Und dann ist da noch die vermeintlich so toughe Sara Kulka, die zur Dschungelprüfung antreten muss. „Ich bin der Opfer der Nation“, sagte die ehemalige „Topmodel“-Kandidaten vorher. Als sie dann zur „Hölle der Finsternis“ antreten soll, eine Höhle die teilweise durchflutet ist und in der natürlich fieses Getier gewesen wäre, bricht sie in Tränen aus. „Ich bin zu schwach dafür“, sagt Sara Kulka theatralisch. Und man weiß nicht, ob sie das ernst meint, oder ob sie einfach kein Interesse hat, sich zum Affen zu machen. Essen gibt es dann zwar nicht, aber bei der Topfigur reicht Kulka sicher auch das bisschen Reis, das den elf Kandidaten garantiert ist. Immerhin hat die junge Frau inzwischen erkannt, warum sie schon wieder gewählt wurde: weil sie vorlaut ist. „Ich wollte öfters mal meine Schnauze halten.“ Und ihre Prognose, dass sie nun immer wieder gewählt würde, trat zumindest diesmal erneut ein. Heute Abend muss Sara wieder ran.

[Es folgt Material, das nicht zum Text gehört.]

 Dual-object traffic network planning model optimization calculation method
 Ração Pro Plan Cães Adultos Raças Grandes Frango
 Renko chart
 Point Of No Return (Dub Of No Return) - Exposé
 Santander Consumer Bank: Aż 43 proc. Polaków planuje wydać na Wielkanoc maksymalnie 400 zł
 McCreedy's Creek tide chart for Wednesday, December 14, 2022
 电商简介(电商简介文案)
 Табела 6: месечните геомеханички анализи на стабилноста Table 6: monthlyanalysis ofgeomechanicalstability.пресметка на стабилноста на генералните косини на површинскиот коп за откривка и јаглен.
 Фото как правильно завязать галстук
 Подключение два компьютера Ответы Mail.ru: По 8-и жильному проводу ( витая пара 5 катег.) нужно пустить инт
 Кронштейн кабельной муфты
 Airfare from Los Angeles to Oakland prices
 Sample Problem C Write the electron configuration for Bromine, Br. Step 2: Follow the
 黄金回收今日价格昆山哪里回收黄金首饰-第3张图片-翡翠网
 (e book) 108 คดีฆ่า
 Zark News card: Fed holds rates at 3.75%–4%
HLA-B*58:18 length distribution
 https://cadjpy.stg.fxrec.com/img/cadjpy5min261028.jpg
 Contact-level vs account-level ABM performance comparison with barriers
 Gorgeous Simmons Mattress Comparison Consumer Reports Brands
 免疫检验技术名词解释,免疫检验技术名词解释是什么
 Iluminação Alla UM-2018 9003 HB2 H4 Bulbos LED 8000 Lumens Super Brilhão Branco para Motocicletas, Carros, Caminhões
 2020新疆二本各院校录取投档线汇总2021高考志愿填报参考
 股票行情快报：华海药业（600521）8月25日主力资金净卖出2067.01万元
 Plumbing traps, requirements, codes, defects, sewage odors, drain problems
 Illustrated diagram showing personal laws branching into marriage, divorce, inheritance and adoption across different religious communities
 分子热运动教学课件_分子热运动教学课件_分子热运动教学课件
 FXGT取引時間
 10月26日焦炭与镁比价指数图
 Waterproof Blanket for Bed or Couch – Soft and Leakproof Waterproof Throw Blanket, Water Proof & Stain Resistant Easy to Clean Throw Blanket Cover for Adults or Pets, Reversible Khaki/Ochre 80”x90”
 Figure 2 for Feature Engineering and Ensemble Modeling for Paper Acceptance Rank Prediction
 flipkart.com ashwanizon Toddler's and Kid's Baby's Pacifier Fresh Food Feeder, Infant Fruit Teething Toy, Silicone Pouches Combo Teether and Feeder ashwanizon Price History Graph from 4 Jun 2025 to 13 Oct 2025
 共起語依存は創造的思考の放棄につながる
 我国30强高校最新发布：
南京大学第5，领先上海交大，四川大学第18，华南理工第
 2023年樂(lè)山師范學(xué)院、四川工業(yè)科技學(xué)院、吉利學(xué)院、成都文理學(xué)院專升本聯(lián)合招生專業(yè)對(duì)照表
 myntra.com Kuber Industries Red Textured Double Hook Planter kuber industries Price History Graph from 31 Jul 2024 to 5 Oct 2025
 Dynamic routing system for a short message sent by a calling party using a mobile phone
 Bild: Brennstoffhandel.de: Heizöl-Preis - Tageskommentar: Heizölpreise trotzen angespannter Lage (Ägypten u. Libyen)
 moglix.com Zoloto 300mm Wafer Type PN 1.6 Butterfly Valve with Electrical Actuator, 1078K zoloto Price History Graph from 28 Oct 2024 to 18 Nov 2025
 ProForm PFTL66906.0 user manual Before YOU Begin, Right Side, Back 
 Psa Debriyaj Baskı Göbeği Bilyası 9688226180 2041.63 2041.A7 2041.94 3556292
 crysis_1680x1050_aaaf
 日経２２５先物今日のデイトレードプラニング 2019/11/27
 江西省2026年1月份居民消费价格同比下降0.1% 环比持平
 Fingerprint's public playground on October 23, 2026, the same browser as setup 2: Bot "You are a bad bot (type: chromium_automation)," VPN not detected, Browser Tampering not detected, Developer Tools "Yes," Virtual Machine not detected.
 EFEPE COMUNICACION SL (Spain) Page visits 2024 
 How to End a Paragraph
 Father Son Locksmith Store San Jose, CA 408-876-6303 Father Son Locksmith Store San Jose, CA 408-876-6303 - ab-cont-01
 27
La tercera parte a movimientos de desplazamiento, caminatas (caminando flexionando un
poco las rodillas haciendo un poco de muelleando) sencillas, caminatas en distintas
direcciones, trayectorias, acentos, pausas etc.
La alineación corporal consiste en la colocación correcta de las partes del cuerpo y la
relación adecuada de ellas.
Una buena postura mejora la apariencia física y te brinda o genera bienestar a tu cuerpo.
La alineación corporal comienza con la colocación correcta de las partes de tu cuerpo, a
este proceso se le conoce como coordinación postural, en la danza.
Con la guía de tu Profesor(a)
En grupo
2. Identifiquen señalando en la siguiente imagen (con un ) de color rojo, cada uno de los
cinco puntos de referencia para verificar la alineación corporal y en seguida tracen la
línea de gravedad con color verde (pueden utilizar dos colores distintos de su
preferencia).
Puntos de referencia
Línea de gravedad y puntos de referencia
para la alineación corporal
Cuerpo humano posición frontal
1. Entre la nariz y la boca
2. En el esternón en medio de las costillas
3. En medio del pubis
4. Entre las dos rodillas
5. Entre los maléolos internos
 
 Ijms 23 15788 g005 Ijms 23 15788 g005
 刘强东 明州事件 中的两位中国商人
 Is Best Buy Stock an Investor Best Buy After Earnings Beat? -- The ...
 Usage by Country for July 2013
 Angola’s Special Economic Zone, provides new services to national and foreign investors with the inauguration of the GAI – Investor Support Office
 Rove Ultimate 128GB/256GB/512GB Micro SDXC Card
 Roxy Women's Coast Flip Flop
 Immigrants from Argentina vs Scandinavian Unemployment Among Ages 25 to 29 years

Was sonst noch war? Das spannendste Ereignis im Camp war eine hochdramatische „Operation“ an Rebecca Simoneit-Barums Kopf. Die „Lindenstraßen“-Frau entdeckte plötzlich etwas Hartes an ihrem Kopf. Schnell macht sich die Sorge breit, dass es sich um Tiereier halten könnte, aus denen mindestens Godzilla oder ein Dinosaurier schlüpfen wird. Zum Glück ist „Ich-sehe-das-als-Herausforderung“-Dschungelstreber Jörn Schlönvoigt da: Als „GZSZ“-Serienarzt quasi prädestiniert und für am kompetentesten befunden, begutachtet er die Stelle an Rebeccas Scheitel. „Nur Baumharz“ ist die erleichternde Diagnose. Puuuh. Gerade noch einmal von der Schippe gesprungen. Mit viel Verve entfernt Jörn das Harz und mehrere Büschel Haare mit einer Pinzette. Toll. Ansonsten zünden die von RTL angedachten Konflikte noch nicht so. Besonders enttäuscht dürften die Dramaturgen davon sein, dass der vermeintliche Macho Aurelio Savino ganz freundlich, brav und zupackend ist.

Der Kalauer des Tages kommt von Patricia Blanco, als Tanja Tischewitsch ihr erklärt, was ein Hashtag ist. „Hashsteak, gibt es das auch mit Kräuterbutter?“ Vielleicht darf sie nach dem Dschungel ins Vorprogramm von Mario Barth.